The code is more understandable now. Success!

What could go wrong?

Let’s wonder what will happen if we run these all migrations on an empty database.

Every migration will be executed one by one, by the time the system meets the migration with the Elixir code.

In the moment of running this migration our schema looks as follows:

defmodule Triathlon.Race do
  use Ecto.Schema

  schema "triathlon_races" do
    field :limit, :integer
    field :distance, :string
    field :entries_left, :integer

    # a bunch of other fields
  end
end

We don’t have our entries field anymore. It has been changed for entries_left.

Execution of the Elixir code in the migration will fail and return error as there are no entries key in the triathlon_races schema.

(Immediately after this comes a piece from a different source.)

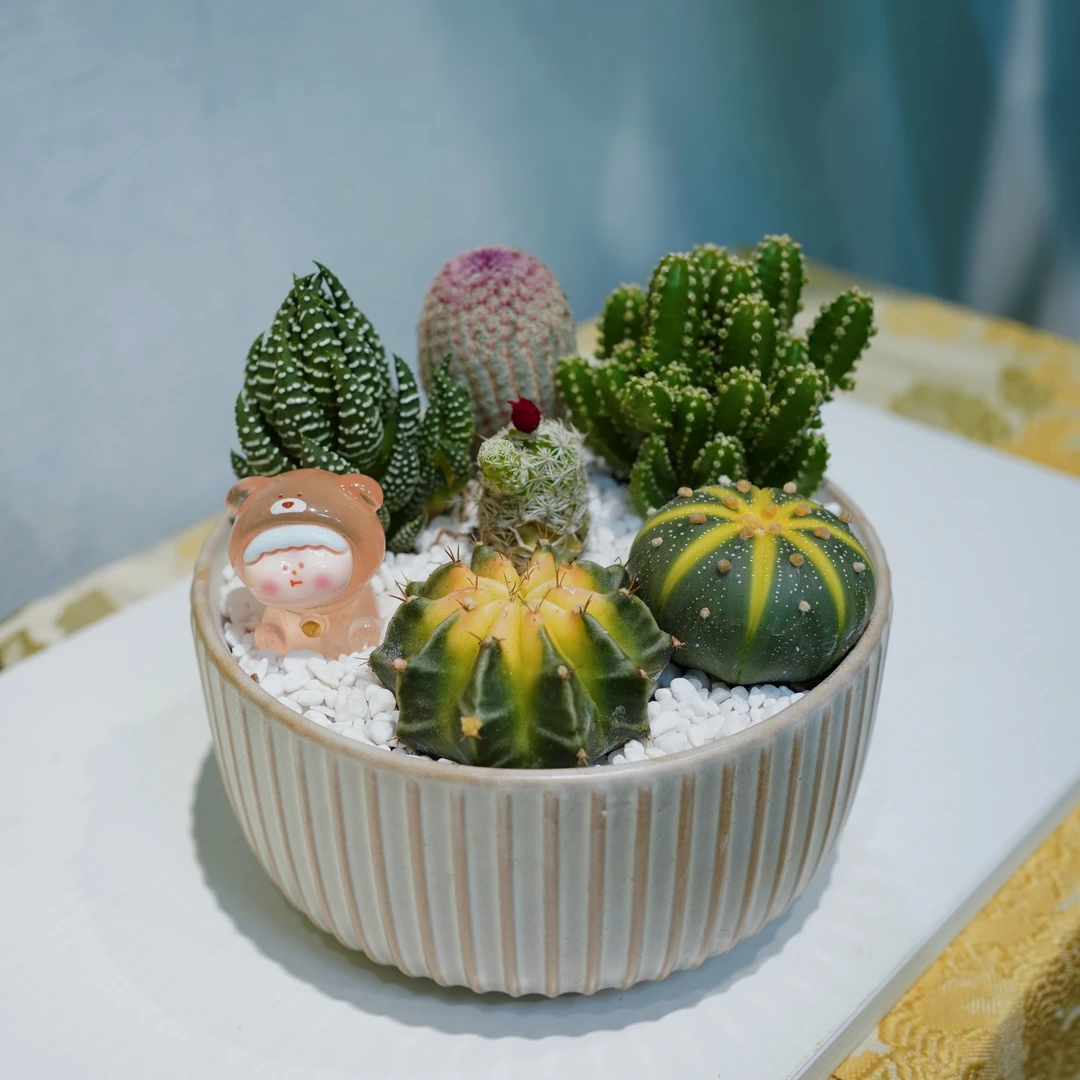 ins风多肉植物沙漠景观仙人掌耐干易养精致百搭轻奢种好瓷盆成品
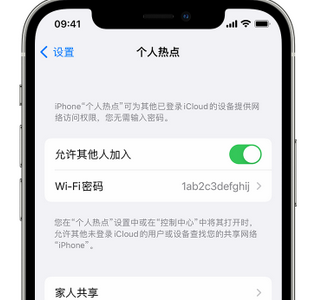 连江apple服务站点分享iPhone上个人热点丢失了怎么办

The project’s setup is destroyed and until we remove the Elixir code from the migration, the system won’t start up.

How to solve it?

One way to avoid such implications is to use pure SQL in migrations instead of writing code in Elixir.

Both approaches, theoretically, do the same. Notwithstanding, there is a small difference between them.

SQL query uses a database structure with such a version of it which exists in the moment of executing migration. The code always uses the most recent version of the database schema.

As you can see on the diagram below, the database’s structure changes along with the running migrations. The Elixir code is always the same during that process.

elixir vs sql migrations

Such migration with SQL query can look like the one below:

defmodule Migrations.AddCounterCacheOnTriathlonRaces do
  use Ecto.Migration

  def change do
    alter table(:triathlon_races) do
      add :entries, :integer
    end

    execute("""
      UPDATE triathlon_races
      SET entries = triathlon_races.limit - participants_subquery.number
      FROM (
        SELECT race_id, count(*) AS number
        FROM triathlon_participants
        GROUP BY race_id
      ) AS participants_subquery
      WHERE triathlon_races.id = participants_subquery.race_id;
    """)
  end
end

Problem solved! Now, if we change code in the project and then start up it from scratch, it won’t cause any troubles as the migrations rely only on a database’s structure.

SUM UP

It’s worth remembering that migrations are an immutable log of changes. These adjustments should always give the same effect. Some serious problems may arise, when references to code, which can be amended in every moment, appear in that changes log. Suddenly, the migration written some months ago uses stale code from that period instead of the new one which is currently in a project.